Fun fact: The floor is bitumen to reduce any chance of a spark being raised by a nailed boot and the weight of the powder barrels has impressed the outlines of their wooden racks into the floor. See if you can spot the circular marks left by the gunpowder barrels.
Why It’s a Must-See: Bermuda’s earliest wrecks are featured, with more than 1,500 artifacts of international and local significance on display.
What to Look For: The collection of 16th century indigenous wooden artefacts recovered from the San Pedro. Little is known about the exact source of these artefacts, though research suggests that they may be connected with cultural groups in South America and the Caribbean.
Hall of History
Once home to the civilian commissioner of Dockyard, Commissioner’s House was built in the 1820s and is the world’s first prefabricated cast-iron residential building. Left derelict in the 1950s, the house went through a 20-year award-winning restoration.
Today Commissioner’s House is home to a number of exhibits displaying the diverse history of Bermuda including fortifications and military history, the history of slavery in Bermuda, the Island’s connections with the Azores and West Indies, and Graham Foster’s grand mural The Hall of History.
Tracing the 500-year human history of Bermuda, local artist Graham Foster’s mural has captured the imagination of all ages. Taking three and a half years to complete and measuring 1000 square feet, the Hall of History, tells the island’s story with vibrant detail, irreverent humour, and poignant observations.
Why It’s a Must-See: As NMB Executive Director Elena Strong says the mural is “a great tool to uncover the suppressed histories, the histories that have never been recorded in art”.
What to Look for: Often described as a “Where’s Waldo” of Bermuda history, the mural includes folklore, characters, traits and traditions from Bermuda’s amazing multi-faceted history. See if you can spot the building of Commissioner’s House, 16th century bee keeping, or the famous faces of Bermuda’s past.
Fun for all ages
Rampart Walk and Children’s Playground
Don’t miss the Museum Playground inspired by local cultural and natural heritage and designed by award-winning Danish design company, Monstrum, it includes a discovery sandpit, a 21ft lighthouse with slide, seaweed-like climbing elements, and a 70ft green moray eel.
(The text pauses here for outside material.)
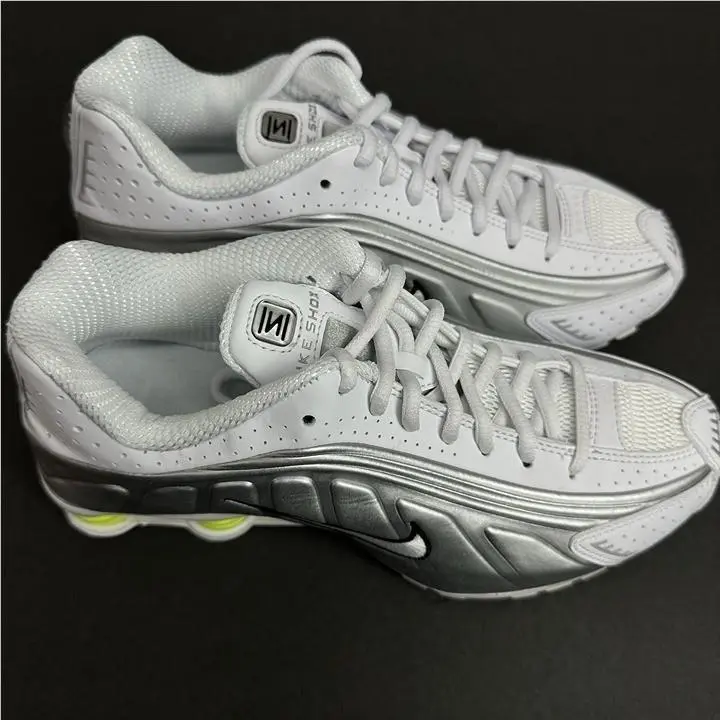 Nike shoes - Nike Shox - Shox - AR3565-102 - White 3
Or take a stroll along the ramparts of Bermuda’s largest fortification and explore the seven irregular bastions named ‘A’ to ‘G’, which were equipped with heavy guns, including, over the years, 24-pounder and 32-pounder carronades, 8-inch shell guns, and 6-inch breech loaders.
Why It’s a Must-See: With spectacular jaw-dropping views, the rampart walk is a must for any photographer, just remember to tag the Museum in your Twitter, Instagram, or Facebook posts!
What to Look for: Keep an eye out for our “lambscaping crew” of sheep, the Bermuda longtails that nest in the surrounding cliffs, and our resident mouse catcher “Bastion”.
The National Museum of Bermuda is open daily 10:00AM – 5:00PM (last admission at 4:00PM). Adults $15, Seniors $12, and Children under 16 FREE.